How Grandfather Set up His "Million Dollar Shot":
Negotiating Directorial Roles and Authorship in Ethnographic Filmmaking

Any filmmaking interested in life as it is experienced by others is grounded in an ongoing negotiation between the filmmaker/s and their protagonist/s. We ask ourselves and those we film– which images, stories and/or performances should we be collecting in order to build an effective film tale that speaks truth back to them? In this presentation, I look at how the protagonists themselves may take on directorial roles through such negotiations, and explore how we as filmmakers may embrace a spontaneous and even playful fluidity of authorship.
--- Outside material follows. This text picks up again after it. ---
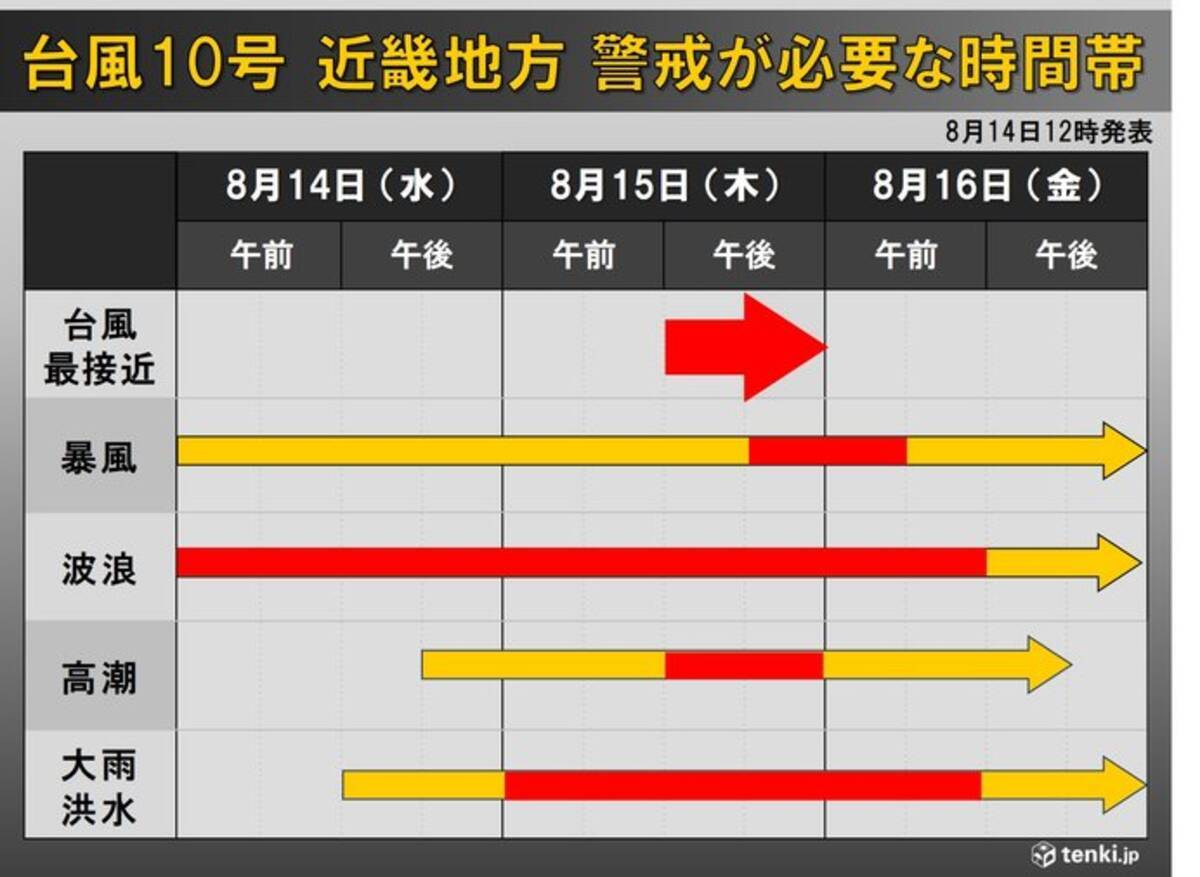 台風10号 あす15日午後に近畿地方に最接近 土砂災害や浸水害に警戒を エキサイトニュース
My case study is my feature-length documentary film “Half Elf” (2020), which is about my ageing grandparents, Hulda and Trausti, both now recently deceased. When I was making this film, they had been sharing their lives on Icelandic shores for over seventy years. As Trausti’s one-hundredth birthday nears, he begins to search for a coffin and is eager to change his name to Elf. Meanwhile, Hulda tells him to move to a hotel, because she does not know of any Elf. He bursts out singing while she wants him to stop screaming. The process of filming this story demanded constant dialogue between me and my grandparents about how they should be portrayed. I needed to navigate our different visions and use the problems they presented to support the filmmaking and deepen the research. Some of the ideas I had in the beginning came to fade as some of theirs gained ground, and my grandfather's singing became a much bigger part of the final result than I had ever imagined.

Jón Bjarki Magnússon

Jón Bjarki Magnússon is a filmmaker with a background in journalism, poetry and anthropology. He studied creative writing at the University of Iceland and received his MA in Visual and Media Anthropology from Freie Universität, Berlin, in 2018. His works include award-winning journalism on the conditions of refugees and asylum-seekers in Iceland, a book of poetry, and a short film on friendship in cyberspace, “Even Asteroids Are Not Alone” (2018). Jón Bjarki´s journalistic work has appeared on various international media platforms and he is a regular contributor to the Icelandic bi-weekly newspaper Stundin. He also does project work for Filmmaking For Fieldwork (F4F™), an educational project offering training in audio-visual research methods, as well as ethnographic and documentary filmmaking. He is the founder of SKAK BÍÓFILM, a small Icelandic production company dedicated to making anthropological and artistic films. Jón Bjarki splits his time between Athens, Berlin and Reykjavík.